Lim is talking politics on the eve of the Montreal launch of the follow-up to 100 Butches – Lim’s Sissy 2012 calendar, which will be launched at a Nov 26 Montreal benefit to save that city’s volunteer-run Ste-Emilie Skillshare space for queer artists. Ste-Emilie owes more than $3,500 in bills, including $2,300 for rent and $1,300 for hydro.
“We’re a community art space run primarily by and for queer and trans people and people of colour,” says Ste-Emilie organizer Walker Oliver. “We aim to provide community members with accessible art resources and programming and to promote artistic expression and self-representation within marginalized communities.”
Skillshare has a paper and fabric silkscreen studio, a black and white darkroom, sewing machines, and its Ste-Em gallery space, which hosts workshops, meetings, vernissages and parties.
To help pay the bills, queer hip-hop collective Rough Diamond is hosting the Nov 26 Calling All Sissies benefit dance party at the Ste Emilie Skillshare, where Lim will launch the 2012 Sissy calendar. The artwork picks up where 100 Butches left off, with models from London, Berlin, Montreal and Toronto. When I ask about it, Lim replies, “I’ll tell you a public secret: the whole first half of my art career was all tracing. I used the computer. I put paper up against the screen and just traced photographs of people because I’d never been to art school and didn’t consider myself to be an artist at the time. I had no confidence.”

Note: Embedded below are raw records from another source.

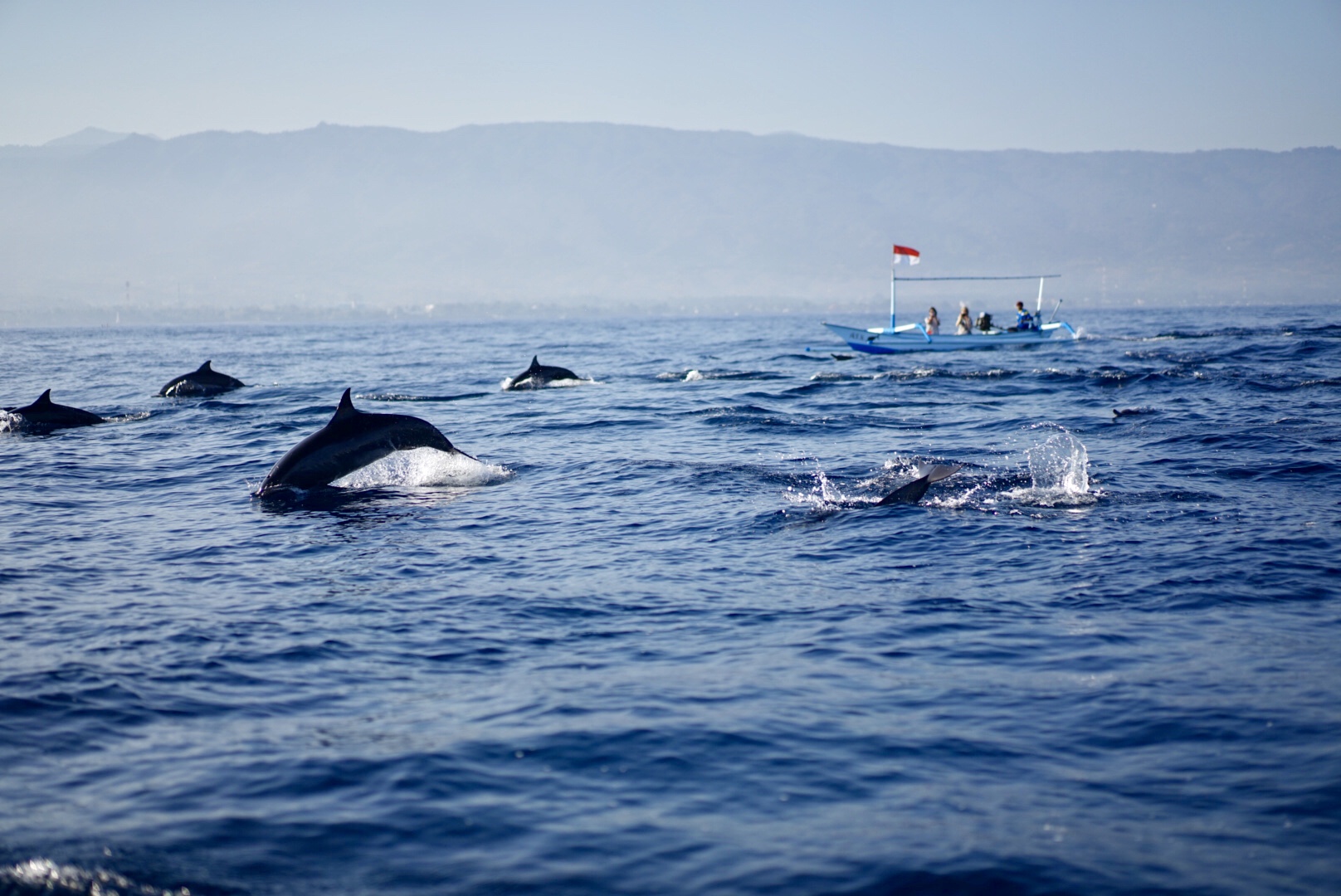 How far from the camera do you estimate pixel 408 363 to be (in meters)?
56.3

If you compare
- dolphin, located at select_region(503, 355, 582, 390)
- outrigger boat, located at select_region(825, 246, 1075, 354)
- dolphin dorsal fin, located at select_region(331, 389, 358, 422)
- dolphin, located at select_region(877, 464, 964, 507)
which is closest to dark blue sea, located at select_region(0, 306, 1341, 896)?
dolphin, located at select_region(877, 464, 964, 507)

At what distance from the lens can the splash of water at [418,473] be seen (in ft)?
56.1

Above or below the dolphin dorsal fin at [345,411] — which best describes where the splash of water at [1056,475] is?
below

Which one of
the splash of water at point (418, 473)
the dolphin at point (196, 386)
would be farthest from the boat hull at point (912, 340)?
the splash of water at point (418, 473)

In fact, Lim did not want to be a comic artist as a kid and came into it by accident. “I was 25 and engaged to a man when I went to see a fortune teller [in 2004], and she changed my life,” says Lim, now 33. “At the time I was trying to become a [newspaper] reporter and a musician as well. And the fortune teller told me, ‘You have to quit because they’re both going to flop.’ But she said that art would make me famous. She also told me I wasn’t going to marry this guy I was with. She wasn’t wrong.”
The rest, as they say, is history. But that back story is why Lim is so keen on this fundraising benefit for the Ste-Emilie Skillshare.
“Some things need to be done outside of art school, in a space where people can be creative, muck things up with their hands, play with paint and get themselves dirty without being in an art-school setting,” Lim says. “It’s like me tracing the screen until I figured it out.”